Washington D.C. -- (AFPS) February 25, 2001 -- U.N. Security Council weapons inspectors would face a tough job if they return to Saddam Hussein's Iraq, according to U.S. Defense Secretary Donald H. Rumsfeld.
It's enormously important to know what Hussein's doing, Rumsfeld said Feb. 24 on CBS Face the Nation, but U.N. inspectors will have a harder time than ever detecting evidence of the Iraqis' weapons of mass destruction program.
After the Gulf War in 1991, U.N.-mandated sanctions called for Iraq to surrender its weapons of mass destruction and to submit to U.N. inspections. Much has changed in the intervening years, Rumsfeld said.
The Iraqis refused to cooperate fully with the inspectors and since 1998 haven't allowed inspectors into the country. Rumsfeld said Iraqi officials have advanced their weapons of mass destruction program and they've had more time to go underground. They've acquired dual-use technologies and developed greater degrees of mobility, he said.
Rumsfeld noted President Bush recently called Iraq one of three nations forming an "axis of evil" that threatens U.S. interests. The other two are Iran and North Korea. The secretary said Bush focused world opinion on how those countries treat their people and their neighbors and the dangers they pose as a source of weapons of mass destruction.
"I think it was a very useful thing to do," Rumsfeld remarked.
In the wake of last year's Sept. 11 terrorist attacks, U.S. administration officials called for the United Nations to reinstitute inspections.

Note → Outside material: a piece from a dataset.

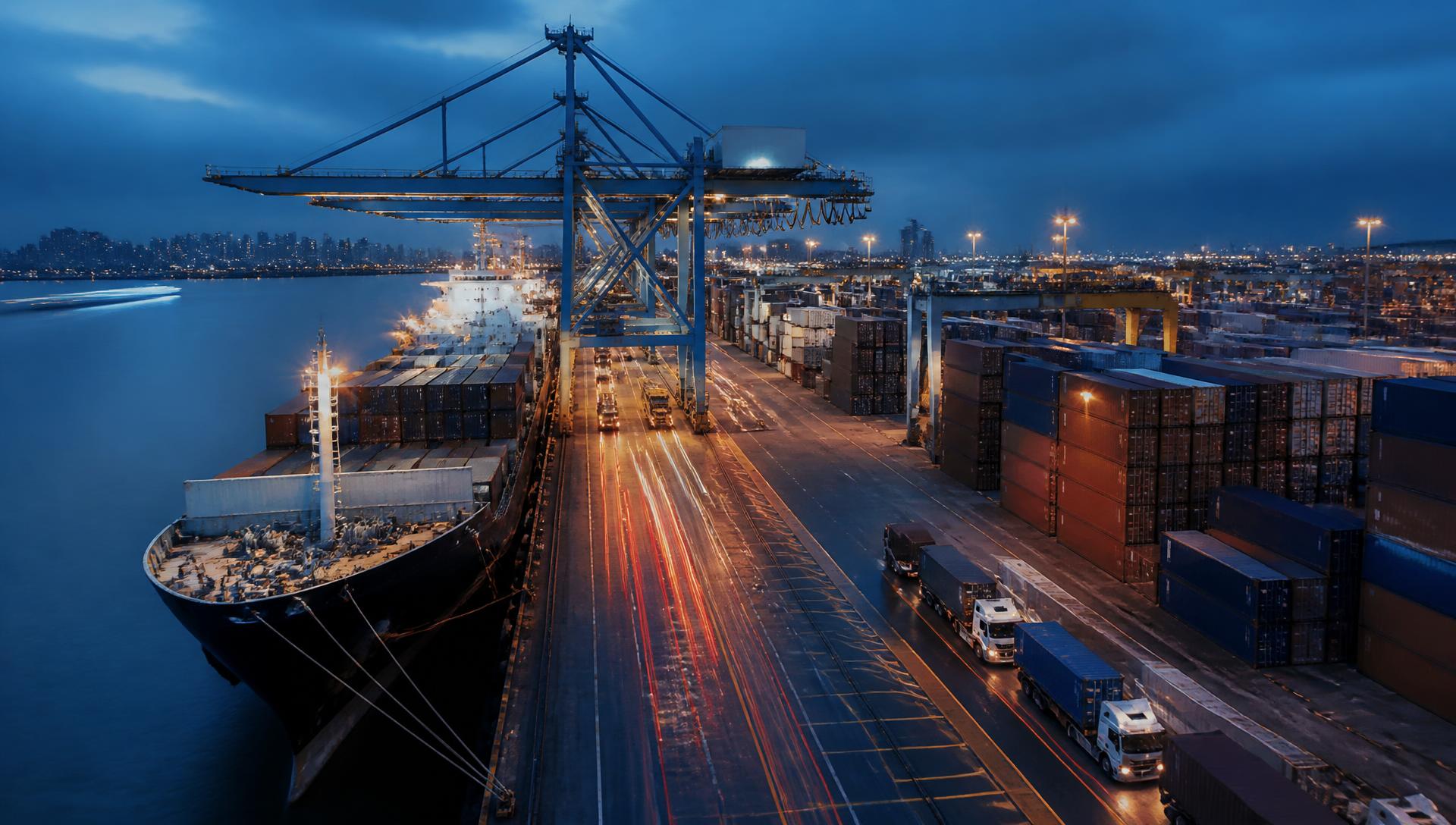 Container port at dusk with cranes loading a cargo vessel and trucks on the quay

Rumsfeld said that under the best of circumstances, U.N. inspectors would have a tough time in Iraq, where the repressive ruling regime has had years to "hide things, deny things and create mobility where they can actually keep things moving ahead of any inspectors."
"They are very accomplished liars as to what's going on,"

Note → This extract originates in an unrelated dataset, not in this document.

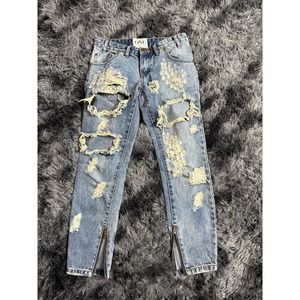 One A Distressed Light Blue Skinny Jeans with Front Zippers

the secretary said. "You could put inspectors all over that place and it would be very difficult to find anything." In the past, U.N. inspectors were successful in part because defectors told them what to look for, "not because they actually found something," he noted. "I'm saying today, the situation is vastly more difficult."
Many more inspectors would be needed and their regime would have to be much more intrusive than before, Rumsfeld said. The Iraqis could not control when inspectors could arrive, where they could go and what they could do, he said, "and the Iraqis aren't going to agree to something like that."
It remains to be seen what U.N. officials ultimately decide and what the Iraqis agree to, he said.
"We have to be very honest with ourselves about what we could accomplish," the secretary said. "I just am saying in all directness, is that we have to go into this with our eyes wide open. It would take a very intrusive regime for us to have any confidence that it would work."